### PROBLEM DETAILS:
Of the entries below, return only those lines from the line with "Een woonkamer met" to the line with "under the wheels.", exactly, both included.

### GIVEN DATA:
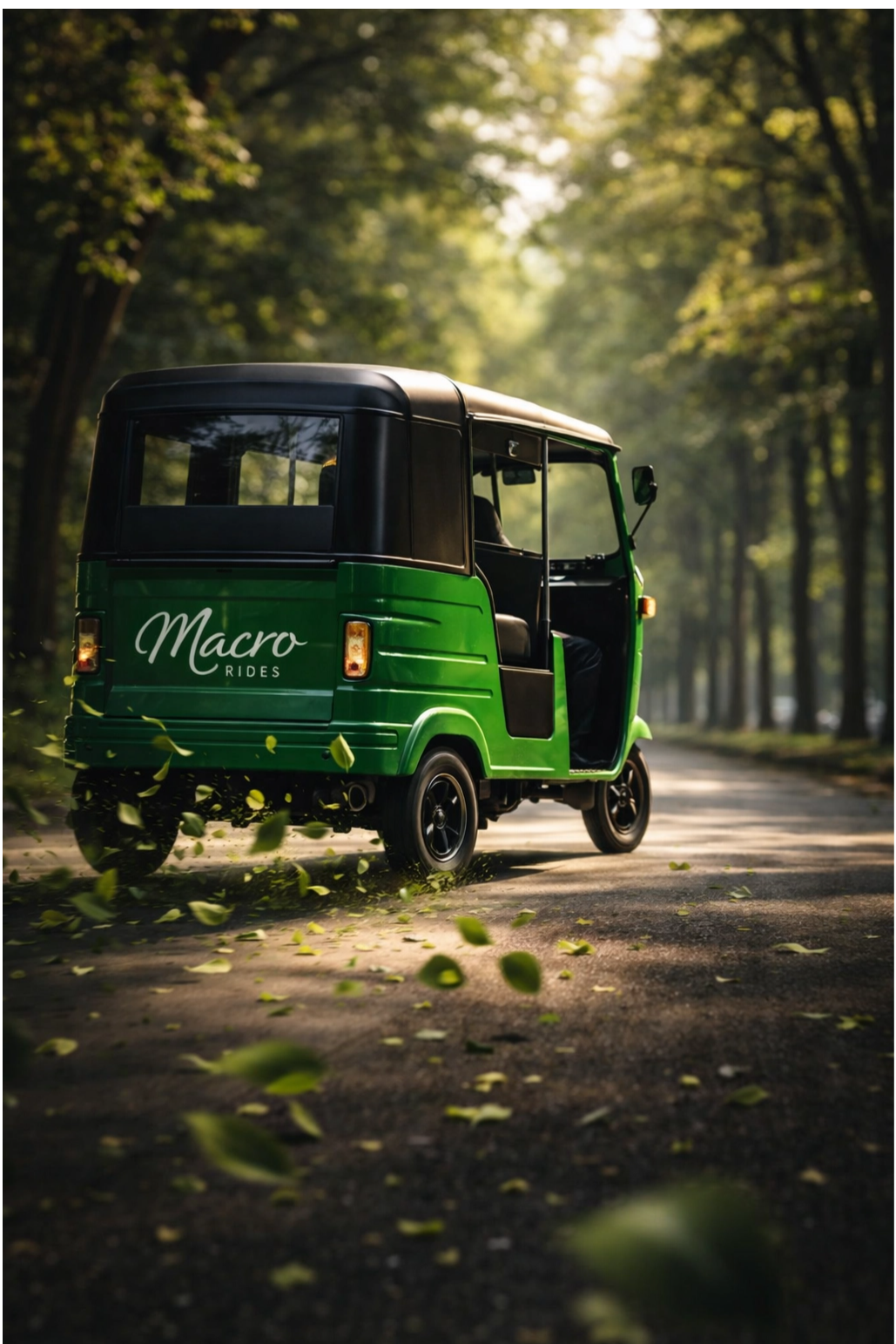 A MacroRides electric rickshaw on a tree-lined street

...

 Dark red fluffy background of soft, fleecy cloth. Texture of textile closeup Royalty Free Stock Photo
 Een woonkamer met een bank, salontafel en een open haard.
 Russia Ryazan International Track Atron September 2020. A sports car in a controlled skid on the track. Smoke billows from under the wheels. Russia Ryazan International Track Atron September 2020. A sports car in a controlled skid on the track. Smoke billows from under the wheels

...

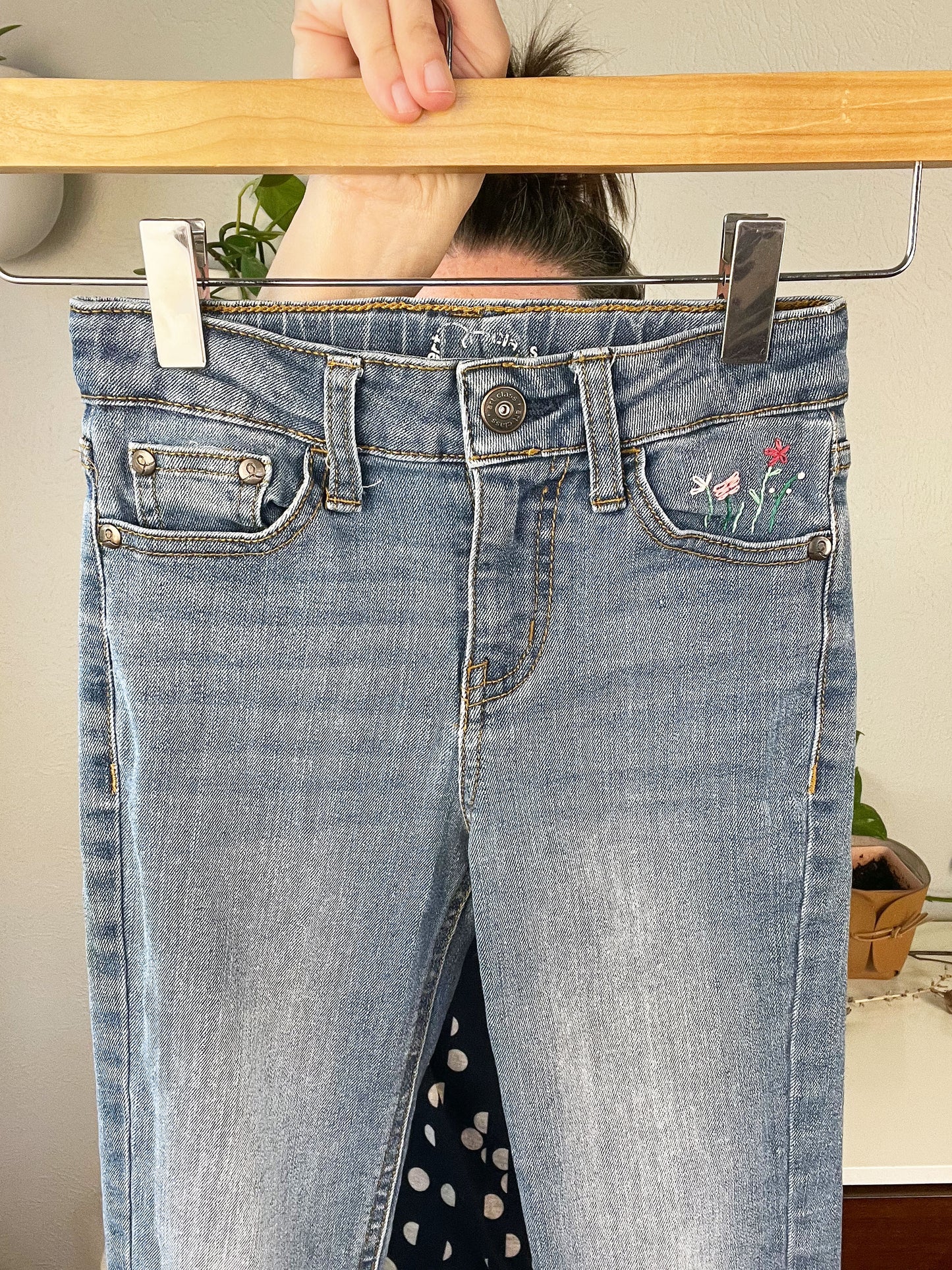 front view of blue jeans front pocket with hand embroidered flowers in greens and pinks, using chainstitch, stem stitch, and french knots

### RESULT:
 Een woonkamer met een bank, salontafel en een open haard.
 Russia Ryazan International Track Atron September 2020. A sports car in a controlled skid on the track. Smoke billows from under the wheels. Russia Ryazan International Track Atron September 2020. A sports car in a controlled skid on the track. Smoke billows from under the wheels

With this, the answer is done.